Machine Learning Methods Without Tears: A Primer for Ecologist

Olden, Julian D., Joshua J. Lawler, and N. LeRoy Poff. “Machine learning methods without tears: a primer for ecologists.” The Quarterly review of biology 83.2 (2008): 171-193.

DOI: 10.1086/587826

Overview

This paper was designed to help facilitate the application of machine learning techniques into the field of ecology. Authors posit that despite the advantages of machine learning techniques, ecologists have been slow in integrating these methods into their research due to lack of familiarity. It is the intent of this paper to provide background information on three categories of machine learning and examples of use in the ecological literature.

Classification and Regression Trees (Cart)

Cartdiagram

Carts can are a form of binary recursive partitioning where classification is based upon making splits within the provided dataset.
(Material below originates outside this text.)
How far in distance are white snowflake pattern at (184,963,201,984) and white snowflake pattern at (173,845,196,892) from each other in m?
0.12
The three basics of a cart algorithm involve tree building, stopping the tree building, and tree pruning and optimal selection. One of the biggest strengths of carts compared to other machine learning methods is that they’re relatively easy to interpret. One weakness is that decision trees are typically unstable.
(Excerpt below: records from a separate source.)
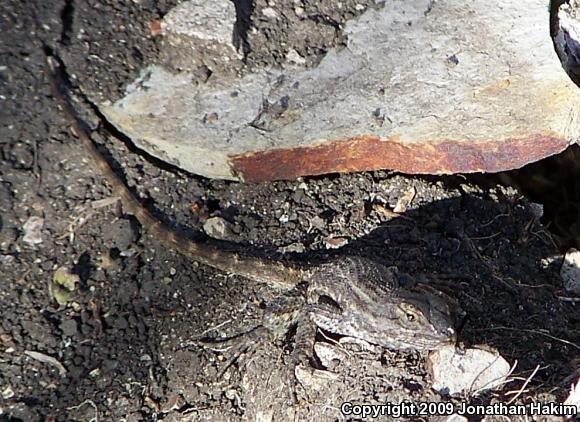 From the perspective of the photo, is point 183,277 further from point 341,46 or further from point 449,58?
point 449,58

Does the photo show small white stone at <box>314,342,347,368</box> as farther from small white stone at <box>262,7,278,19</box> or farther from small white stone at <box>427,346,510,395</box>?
small white stone at <box>262,7,278,19</box>

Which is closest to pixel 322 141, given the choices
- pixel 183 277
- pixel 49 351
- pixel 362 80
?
pixel 362 80

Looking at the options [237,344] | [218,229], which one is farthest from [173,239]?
[237,344]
Artificial Neural Networks
NeuralNetworks

Also known as multilayer perceptrons, artificial neural networks are considered to be the universal approximations of any continuous function. Neural networks are comprised of three primary components, input layer (independent variables), While there are different types of neural networks, this paper presented the feed forward network. In a feed forward network each neuron of the previous(layer) is connected to all neurons of the next layer via axons. Connections are weighted by an activation energy function. A core strength of neural networks is that many of the underlying features can be modified to suite the research task at hand. While a weakness to neural networks would be that model performance can be sensitive to random initial conditions (weights).
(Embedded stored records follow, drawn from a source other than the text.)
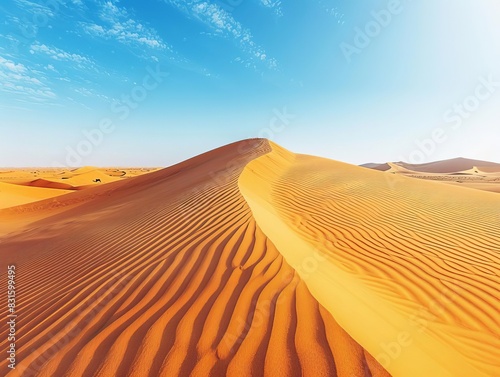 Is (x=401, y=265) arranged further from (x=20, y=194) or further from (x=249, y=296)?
(x=20, y=194)

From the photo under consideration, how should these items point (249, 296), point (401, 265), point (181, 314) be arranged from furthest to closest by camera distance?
point (401, 265)
point (249, 296)
point (181, 314)

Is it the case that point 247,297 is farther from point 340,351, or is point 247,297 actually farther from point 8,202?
point 8,202

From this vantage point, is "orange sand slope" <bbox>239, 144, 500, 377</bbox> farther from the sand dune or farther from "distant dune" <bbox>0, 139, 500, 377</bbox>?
the sand dune

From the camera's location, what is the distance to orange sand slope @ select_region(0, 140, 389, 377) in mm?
1660

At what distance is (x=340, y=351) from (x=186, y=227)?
133 inches

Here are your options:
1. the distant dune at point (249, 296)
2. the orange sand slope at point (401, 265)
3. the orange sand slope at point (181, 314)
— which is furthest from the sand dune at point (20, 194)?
the orange sand slope at point (401, 265)

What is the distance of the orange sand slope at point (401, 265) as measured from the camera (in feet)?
6.97

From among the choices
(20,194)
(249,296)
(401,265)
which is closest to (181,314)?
(249,296)

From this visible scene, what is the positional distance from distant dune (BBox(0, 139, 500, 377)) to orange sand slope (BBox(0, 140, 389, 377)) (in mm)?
12

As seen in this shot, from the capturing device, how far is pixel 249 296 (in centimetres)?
231

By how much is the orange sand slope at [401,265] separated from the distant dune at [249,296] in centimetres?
3

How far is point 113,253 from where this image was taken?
3.97 metres

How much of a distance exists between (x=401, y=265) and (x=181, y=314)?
392cm

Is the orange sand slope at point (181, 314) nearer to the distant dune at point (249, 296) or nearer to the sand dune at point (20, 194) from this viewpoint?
the distant dune at point (249, 296)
Genetic Algorithm or Genetic Programming

GeneticAlgorithms

The conceptual idea behind genetic programing is that algorithms operate in a population of competing solutions to one problem, and the best solution evolves over time. Solutions are comprised of chromosomes and the chromosomes are comprised of “genes”. Genetic algorithms are strong in handling stochastic optimization procedures, but are more susceptible to model overfitting.

 

Conclusion

The purpose of this paper was to provide ecologist and biologist with a basic introduction to machine learning techniques and how they can be applied to ecological problems. Authors stress that while machine learning techniques can be a major boon in ecological research, machine learning will not be a end all solution to problems facing ecology. Rather, machine learning approaches should be considered an alternative to problems in massaging messy data into classical statistical models.